Four states -- Tamil Nadu, Kerala, West Bengal and Assam -- will go for polls to elect new assemblies and the elections are likely to be held between mid-April to May.
The Congress party may find an answer this week as party vice-president Rahul Gandhi completes his consultations with the state unit leaders. On Monday, Gandhi met party leaders from West Bengal to take their feedback on possible options of alliance formation.
The Bharatiya Janata Party (BJP) too, is winding up its consultations with its state leadership on preparations for the upcoming polls.
Parliamentary affairs minister and former BJP chief Venkaiah Naidu is set to travel to Assam for similar talks with local BJP satraps. The BJP central leadership has also asked its other senior Union minister to visit Assam, where it eyes its best chance of winning a state in 2016, to hold dialogues with locals and organise campaigns.
The Congress had already completed talks with its leaders from Tamil Nadu, Kerala and Assam for the upcoming elections. The BJP is in talks with local parties in Kerala and Tamil Nadu to explore possible poll pacts.
Here’s a look at possible alliance scenarios in each state.
With J Jayalalithaa, the leader of the ruling AIADMK, unlikely to join any pact, the BJP may look at other parties like Captain Vijaykant’s DMDK and the PMK.
The Congress is looking to revive its alliance with DMK, its estranged ally of the second UPA. Senior Congress leaders feel it has little chance of winning many seats if it is left to fight elections alone.
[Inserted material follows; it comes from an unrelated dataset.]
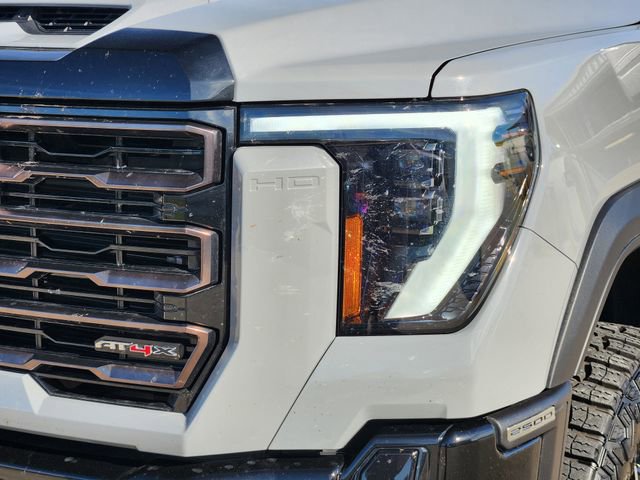 Certified 2025 GMC Sierra 2500 AT4X image 9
The Congress unit is divided over the option of joining hands with Badruddin Ajmal’s AIUDF, a party which enjoys support among the Bengali-speaking Muslims in the state. While chief minister Tarun Gogoi, a three-time CM, is opposed to the alliance a large section of the party favours such pact to avoid division of anti-BJP votes.
The BJP, with its best chance of winning a state lying in Assam, seems to be opening up to the possibility of a tie-up with the Asom Gana Parishad, a former ally of the NDA. The BJP-AGP tie up may expect to consolidate their position in Upper Assam.
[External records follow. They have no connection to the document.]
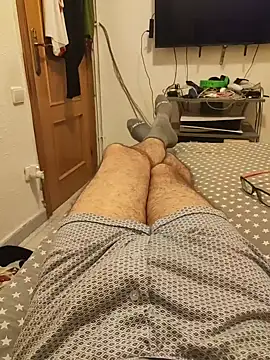 Snapshot of gigolobcn chatting on October 17, 3:10 am gigolobcn online show from October 17, 3:10 am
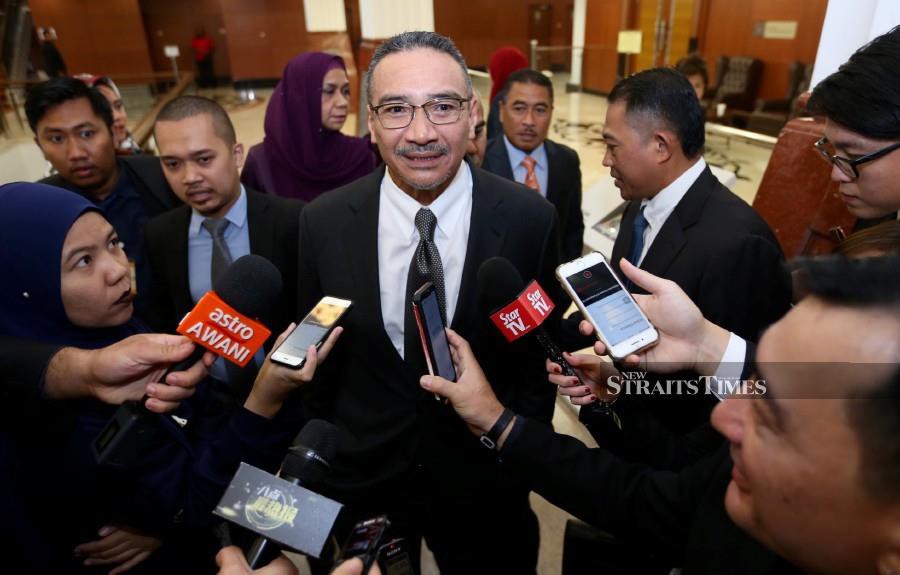  Sembrong member of Parliament Datuk Seri Hishammuddin Hussein speaks to reporters at the Parliament lobby in Kuala Lumpur. -NSTP/Mohamad Shahril Badri Saali.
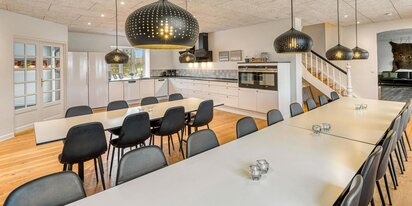 Sommerhus til 60 personer - rummelige fællesområder og en god atmosfære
With Trinamool Congress looking comfortable in power, the Congress has to take a call if it wants to tie up with the Left parties or Trinamool or go alone. The state unit is vehemently opposed to any alliance with the Trinamool but a large section also wants to avoid going alone in the polls.
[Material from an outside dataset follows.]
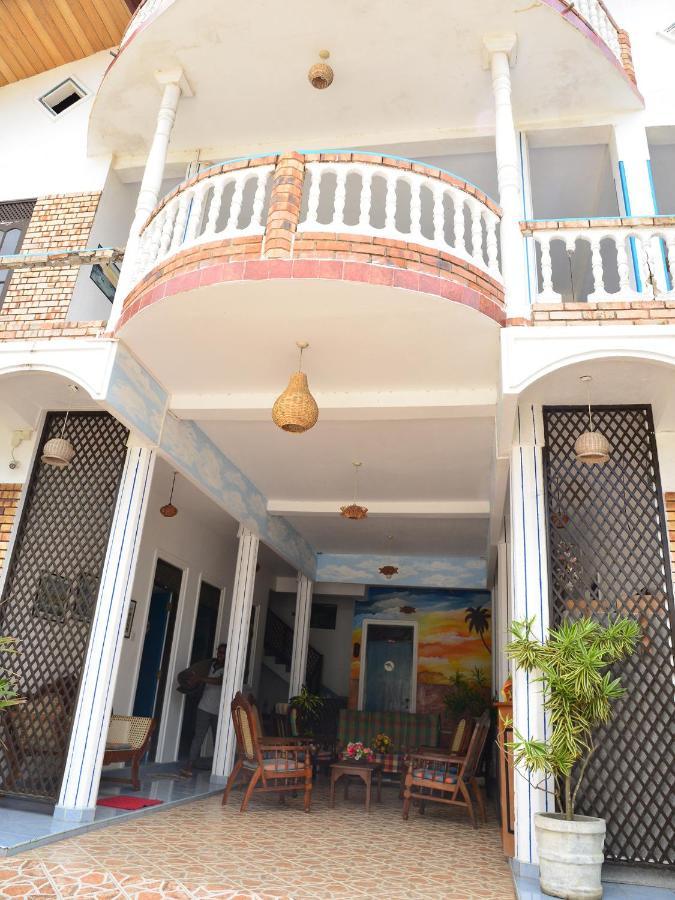 Hotel Happy Tuna هيكادوفا المظهر الخارجي الصورة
The BJP is unlikely to find any big ally in the state and a four-corner contest may actually help the BJP to gain ground in the border state where it has just one MLA in the 294-seat strong assembly.
The Congress hopes to retain the pack of allies in the UDF coalition.
The BJP is trying to forge an alliance with SNDP—a powerful OBC group. The rise of BJP may create further chinks in the Left armour and may benefit the Congress.